▶ **WHAT NEEDS TO BE DONE**
The answer must be only the lines below from the one holding "잘 구워진 생선들이 여행객을" down to the one holding "Elektrisch Raam Schakelaar", ends included, printed exactly; please omit all pictures.
---- DATA TO USE
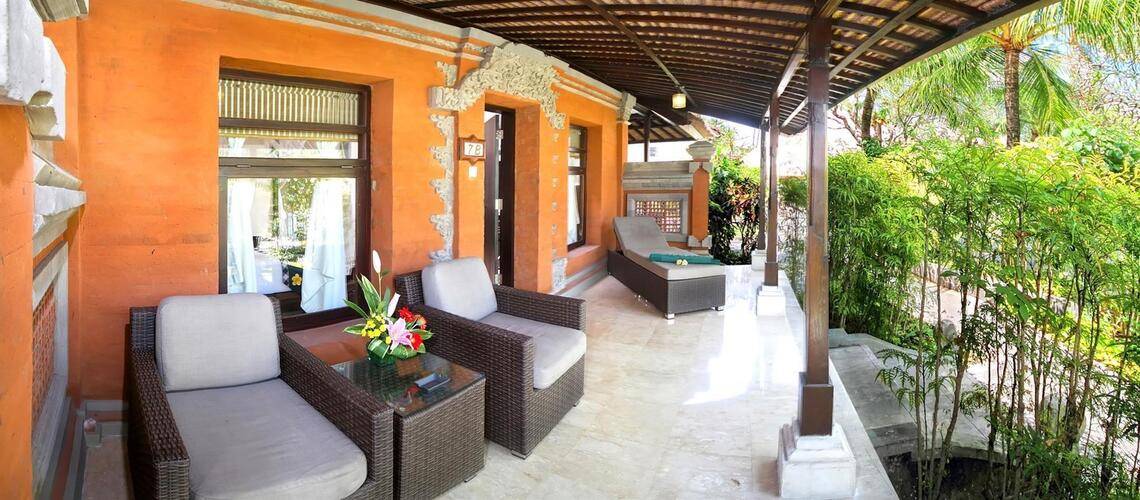 Legian Beach Hotel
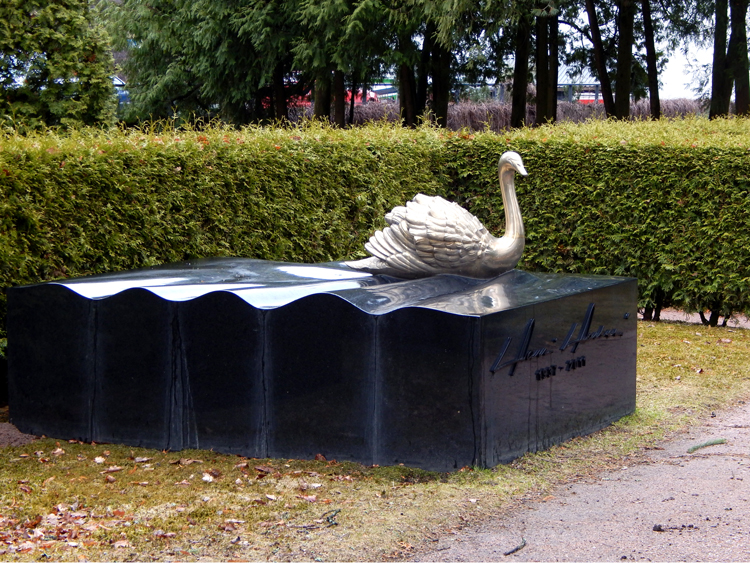 Hietaniemi Cemetery, Helsinki - grave of prime minister Harri Holkeri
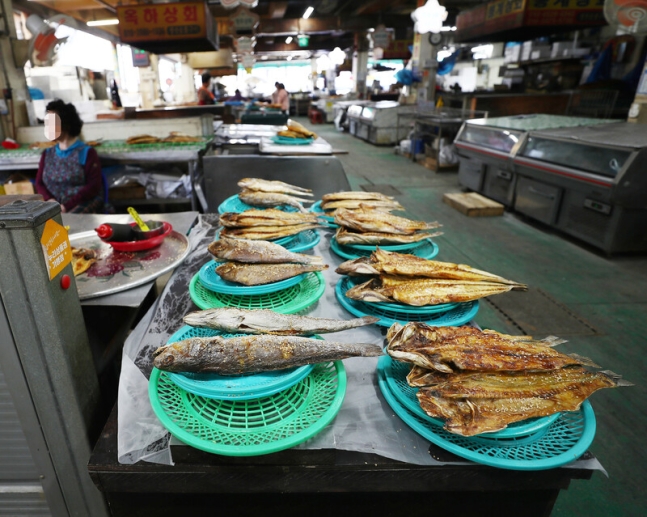 잘 구워진 생선들이 여행객을 맞는 ‘고흥전통시장’ 안 생선구역. 이 구역에는 대략 30개 가게가 구운 생선을 판다. 민어·서대·장어 등 수십가지 생선들이 숯불에 구워져 맛나다. 전화 한 통화면 전국 택배가 가능하다.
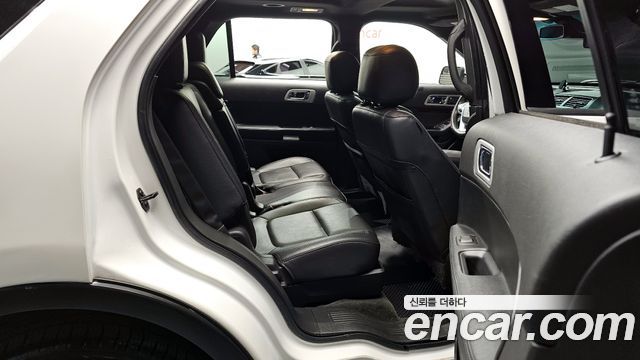 Ford Explorer 3.5 Limited 4WD 5th 2015 — фото 12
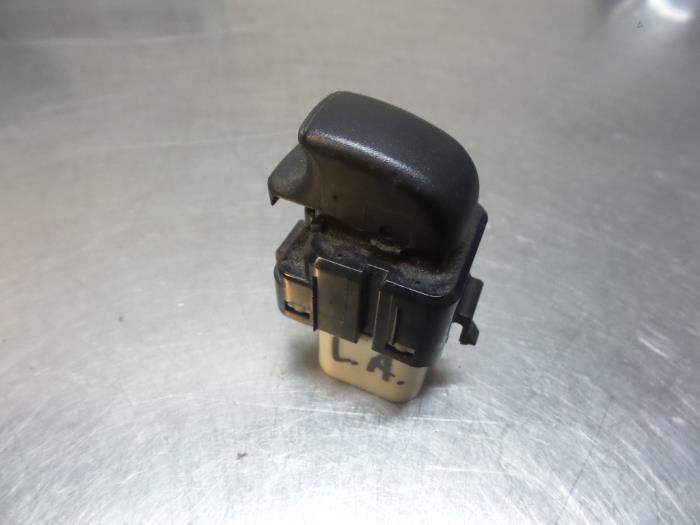 Elektrisch Raam Schakelaar van een Mitsubishi Space Wagon (S, Auto-onderdelen, Dashboard en Schakelaars, Mitsubishi, Gebruikt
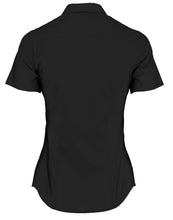 Lade das Bild in den Galerie-Viewer, Tailored Fit Short Sleeve Poplin Shirt
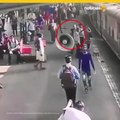 Policía salva a niña de ser arrollada por tren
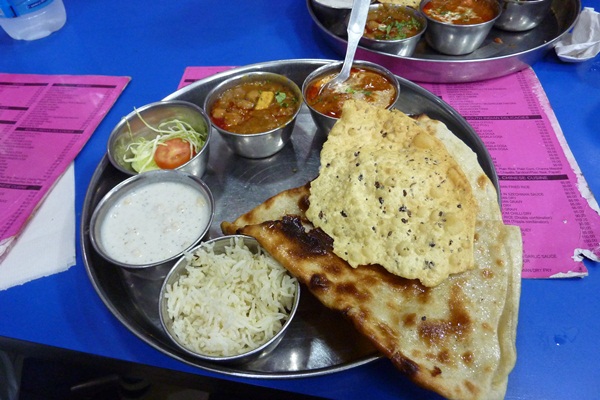 11 Places You Have To Eat At In Amritsar If You're Visiting For A Day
--------
▶ **RESULT**
 잘 구워진 생선들이 여행객을 맞는 ‘고흥전통시장’ 안 생선구역. 이 구역에는 대략 30개 가게가 구운 생선을 판다. 민어·서대·장어 등 수십가지 생선들이 숯불에 구워져 맛나다. 전화 한 통화면 전국 택배가 가능하다.
 Ford Explorer 3.5 Limited 4WD 5th 2015 — фото 12
 Elektrisch Raam Schakelaar van een Mitsubishi Space Wagon (S, Auto-onderdelen, Dashboard en Schakelaars, Mitsubishi, Gebruikt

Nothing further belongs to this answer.